It is 2023 and I haven’t written an entry here for a while. I have been with my partner Edrian for 6 years now and in recovery from my eating disorder for 7 years. I went to rehab, graduated college and have worked in a psychiatric unit and currently at a rape recovery center.
I struggle with realizing that I have come a far way. As I sit here and read the older entries I wrote, it really shocks me. I am a different person now and I do not thrive on angst, drama, trauma or denial. I am 60 pounds heavier but 100 percent healthier mentally. Tytus my ex was not my end all, be all. I put him on a pedestal which I never should have done.
I do not write anymore, I do not write poems or blog entries when my life gets hard. I just cry, talk about it and keep going. Maybe that is apart of maturing/ becoming older though? I am almost 25. I am not a 15 year old girl anymore who was stuck in an abusive relationship and was romanticizing it so that I could find some type of art or meaning in it. My dad is still somehow alive and I am still here. Even after so many things that have happened.
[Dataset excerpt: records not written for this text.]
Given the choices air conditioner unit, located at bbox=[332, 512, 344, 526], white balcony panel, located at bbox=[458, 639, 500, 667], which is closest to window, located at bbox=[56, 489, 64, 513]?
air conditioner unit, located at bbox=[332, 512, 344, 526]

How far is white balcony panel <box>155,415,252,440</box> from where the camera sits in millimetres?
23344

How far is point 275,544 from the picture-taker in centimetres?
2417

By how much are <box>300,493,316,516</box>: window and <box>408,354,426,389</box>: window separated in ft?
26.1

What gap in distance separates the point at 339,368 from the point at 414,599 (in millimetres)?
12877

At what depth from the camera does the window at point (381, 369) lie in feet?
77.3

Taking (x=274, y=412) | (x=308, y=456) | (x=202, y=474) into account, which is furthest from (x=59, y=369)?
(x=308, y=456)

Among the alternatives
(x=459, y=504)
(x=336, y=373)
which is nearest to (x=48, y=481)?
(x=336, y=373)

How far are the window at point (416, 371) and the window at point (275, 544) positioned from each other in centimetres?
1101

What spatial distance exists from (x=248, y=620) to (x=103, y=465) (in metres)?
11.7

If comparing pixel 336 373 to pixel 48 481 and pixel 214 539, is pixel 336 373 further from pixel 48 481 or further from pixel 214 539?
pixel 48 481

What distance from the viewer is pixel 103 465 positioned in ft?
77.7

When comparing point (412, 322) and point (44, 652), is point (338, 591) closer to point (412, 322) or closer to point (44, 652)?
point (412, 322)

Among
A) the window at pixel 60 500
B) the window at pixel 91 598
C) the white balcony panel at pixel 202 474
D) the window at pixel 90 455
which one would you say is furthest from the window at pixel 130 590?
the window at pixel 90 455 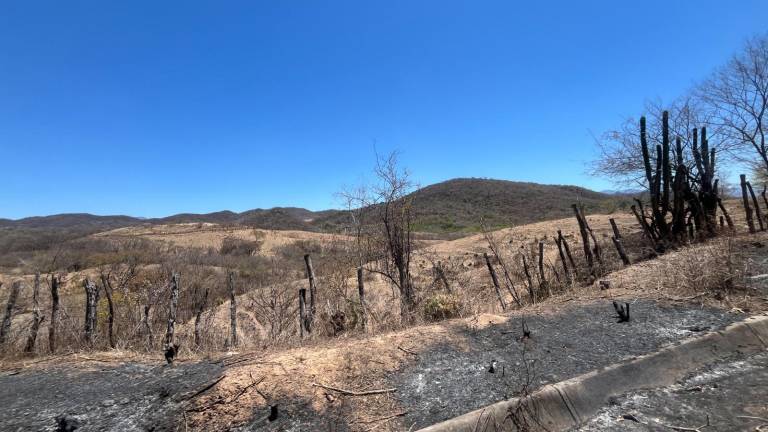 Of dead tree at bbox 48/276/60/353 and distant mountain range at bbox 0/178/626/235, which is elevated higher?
distant mountain range at bbox 0/178/626/235

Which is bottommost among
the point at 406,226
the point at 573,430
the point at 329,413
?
the point at 573,430

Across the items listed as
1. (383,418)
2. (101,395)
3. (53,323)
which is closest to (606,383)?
(383,418)

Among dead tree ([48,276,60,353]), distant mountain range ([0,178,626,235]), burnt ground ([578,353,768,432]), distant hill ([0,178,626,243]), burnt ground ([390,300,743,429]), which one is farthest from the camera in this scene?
distant mountain range ([0,178,626,235])

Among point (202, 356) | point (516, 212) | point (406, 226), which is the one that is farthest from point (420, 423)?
point (516, 212)

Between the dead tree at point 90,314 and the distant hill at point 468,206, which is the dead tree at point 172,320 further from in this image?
the distant hill at point 468,206

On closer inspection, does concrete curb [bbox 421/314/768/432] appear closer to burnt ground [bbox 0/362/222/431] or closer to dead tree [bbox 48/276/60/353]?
burnt ground [bbox 0/362/222/431]

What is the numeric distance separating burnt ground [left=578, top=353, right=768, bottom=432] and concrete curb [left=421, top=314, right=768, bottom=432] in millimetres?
118

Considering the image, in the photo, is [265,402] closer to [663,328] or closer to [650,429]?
[650,429]

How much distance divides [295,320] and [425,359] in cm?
Answer: 353

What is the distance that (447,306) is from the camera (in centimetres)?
621

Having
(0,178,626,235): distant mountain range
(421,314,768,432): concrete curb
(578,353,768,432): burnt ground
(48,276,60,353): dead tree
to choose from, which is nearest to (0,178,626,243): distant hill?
(0,178,626,235): distant mountain range

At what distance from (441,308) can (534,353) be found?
6.27ft

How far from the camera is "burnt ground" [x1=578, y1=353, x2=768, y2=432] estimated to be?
3299 millimetres

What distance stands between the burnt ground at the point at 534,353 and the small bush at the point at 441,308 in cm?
97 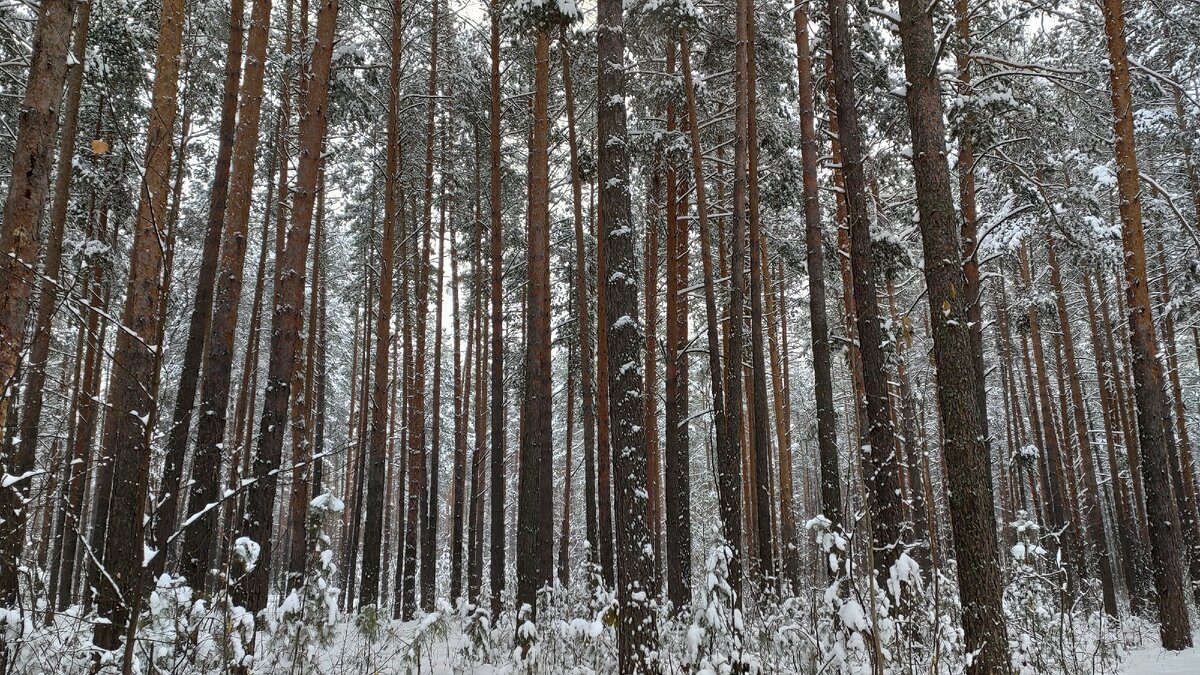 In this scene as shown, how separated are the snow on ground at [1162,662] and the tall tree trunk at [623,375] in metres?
5.84

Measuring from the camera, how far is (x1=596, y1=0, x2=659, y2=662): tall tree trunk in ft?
19.5

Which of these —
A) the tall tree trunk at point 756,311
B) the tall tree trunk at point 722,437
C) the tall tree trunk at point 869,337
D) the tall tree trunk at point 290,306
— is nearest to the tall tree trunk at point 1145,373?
the tall tree trunk at point 869,337

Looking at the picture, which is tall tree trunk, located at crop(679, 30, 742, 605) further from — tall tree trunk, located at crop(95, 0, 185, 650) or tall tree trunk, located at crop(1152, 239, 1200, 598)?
tall tree trunk, located at crop(1152, 239, 1200, 598)

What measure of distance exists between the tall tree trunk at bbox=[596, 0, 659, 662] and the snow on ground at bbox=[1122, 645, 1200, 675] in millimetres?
5837

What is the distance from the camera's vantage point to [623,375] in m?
6.39

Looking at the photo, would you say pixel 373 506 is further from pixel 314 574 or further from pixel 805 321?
pixel 805 321

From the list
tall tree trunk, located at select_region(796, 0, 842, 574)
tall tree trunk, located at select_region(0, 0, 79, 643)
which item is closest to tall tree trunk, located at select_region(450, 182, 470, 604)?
tall tree trunk, located at select_region(796, 0, 842, 574)

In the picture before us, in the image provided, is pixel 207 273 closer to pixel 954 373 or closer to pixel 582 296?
pixel 582 296

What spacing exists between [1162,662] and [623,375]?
311 inches

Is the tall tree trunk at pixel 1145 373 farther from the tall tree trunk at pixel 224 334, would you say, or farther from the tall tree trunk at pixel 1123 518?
the tall tree trunk at pixel 224 334

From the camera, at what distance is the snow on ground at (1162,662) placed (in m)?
7.15

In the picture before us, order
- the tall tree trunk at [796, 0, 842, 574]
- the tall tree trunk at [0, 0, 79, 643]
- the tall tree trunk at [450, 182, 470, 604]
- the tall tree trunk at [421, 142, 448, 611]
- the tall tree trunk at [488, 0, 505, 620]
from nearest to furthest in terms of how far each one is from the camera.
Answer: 1. the tall tree trunk at [0, 0, 79, 643]
2. the tall tree trunk at [796, 0, 842, 574]
3. the tall tree trunk at [488, 0, 505, 620]
4. the tall tree trunk at [421, 142, 448, 611]
5. the tall tree trunk at [450, 182, 470, 604]

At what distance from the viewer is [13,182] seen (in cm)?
378

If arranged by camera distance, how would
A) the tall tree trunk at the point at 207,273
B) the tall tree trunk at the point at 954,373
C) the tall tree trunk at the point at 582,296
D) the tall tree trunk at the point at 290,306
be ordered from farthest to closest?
the tall tree trunk at the point at 582,296, the tall tree trunk at the point at 207,273, the tall tree trunk at the point at 290,306, the tall tree trunk at the point at 954,373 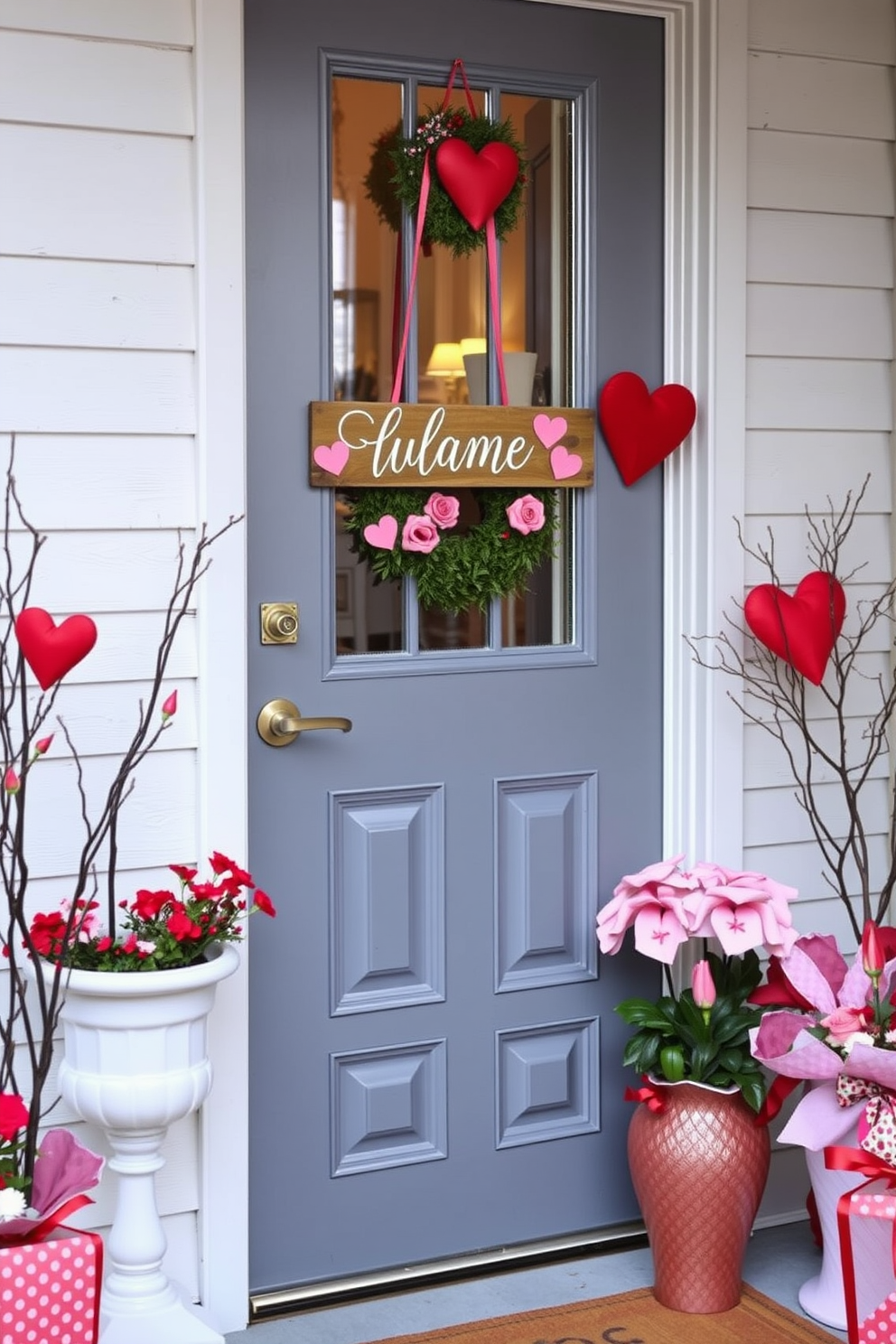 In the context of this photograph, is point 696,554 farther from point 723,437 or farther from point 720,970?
point 720,970

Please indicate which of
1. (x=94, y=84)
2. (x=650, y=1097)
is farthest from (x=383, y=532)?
(x=650, y=1097)

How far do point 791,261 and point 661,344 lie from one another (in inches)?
11.2

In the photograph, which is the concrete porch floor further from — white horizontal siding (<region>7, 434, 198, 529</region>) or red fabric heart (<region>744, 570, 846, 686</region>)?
white horizontal siding (<region>7, 434, 198, 529</region>)

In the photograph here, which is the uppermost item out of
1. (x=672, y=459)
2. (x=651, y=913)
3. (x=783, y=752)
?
(x=672, y=459)

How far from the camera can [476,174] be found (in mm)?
2500

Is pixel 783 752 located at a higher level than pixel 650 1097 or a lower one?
higher

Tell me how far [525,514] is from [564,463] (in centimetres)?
11

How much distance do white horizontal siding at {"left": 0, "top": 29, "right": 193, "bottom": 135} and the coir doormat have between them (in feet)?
6.40

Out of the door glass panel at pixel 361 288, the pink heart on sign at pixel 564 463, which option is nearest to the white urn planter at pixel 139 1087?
the door glass panel at pixel 361 288

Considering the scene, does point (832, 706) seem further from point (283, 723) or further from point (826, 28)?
point (826, 28)

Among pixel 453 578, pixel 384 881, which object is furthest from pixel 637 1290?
pixel 453 578

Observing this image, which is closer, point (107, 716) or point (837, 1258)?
point (107, 716)

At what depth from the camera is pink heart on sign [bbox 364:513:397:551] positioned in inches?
98.2

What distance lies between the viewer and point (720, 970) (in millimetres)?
2627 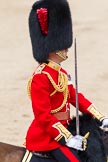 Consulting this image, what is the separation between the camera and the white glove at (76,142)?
13.5 feet

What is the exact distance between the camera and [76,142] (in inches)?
163

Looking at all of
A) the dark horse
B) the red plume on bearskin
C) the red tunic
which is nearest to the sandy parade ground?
the dark horse

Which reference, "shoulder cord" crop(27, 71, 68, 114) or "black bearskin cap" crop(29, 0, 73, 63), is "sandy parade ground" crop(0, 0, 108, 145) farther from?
"black bearskin cap" crop(29, 0, 73, 63)

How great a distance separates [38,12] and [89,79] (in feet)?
16.8

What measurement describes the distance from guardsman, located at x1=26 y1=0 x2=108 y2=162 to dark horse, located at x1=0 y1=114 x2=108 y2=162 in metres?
0.06

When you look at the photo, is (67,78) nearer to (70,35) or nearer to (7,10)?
(70,35)

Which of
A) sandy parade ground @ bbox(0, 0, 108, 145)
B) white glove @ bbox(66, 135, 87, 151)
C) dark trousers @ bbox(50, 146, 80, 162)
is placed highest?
white glove @ bbox(66, 135, 87, 151)

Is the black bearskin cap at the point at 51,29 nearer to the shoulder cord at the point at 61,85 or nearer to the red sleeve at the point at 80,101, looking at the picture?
the shoulder cord at the point at 61,85

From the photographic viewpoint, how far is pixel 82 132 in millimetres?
4297

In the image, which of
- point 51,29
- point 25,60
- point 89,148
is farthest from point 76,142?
point 25,60

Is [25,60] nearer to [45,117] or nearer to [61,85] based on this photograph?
[61,85]

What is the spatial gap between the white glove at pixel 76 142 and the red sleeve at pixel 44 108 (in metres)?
0.03

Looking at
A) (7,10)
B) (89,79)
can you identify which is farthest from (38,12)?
(7,10)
My brothers are alcoholics, one of my brothers got arrested, my partner cheated on me, my dad is still abusive, my parents get older every time I see them, I have no friends from my past.
But,
I graduated college, I am still in recovery, my partner and I work through things in couples counseling, my dad sometimes listens to my boundaries, my siblings and I speak again, I lived alone and now I live with my partner, I have 5 cats, I run 4 grant funded programs and do public speaking, I have a few close friends who genuinely care for me.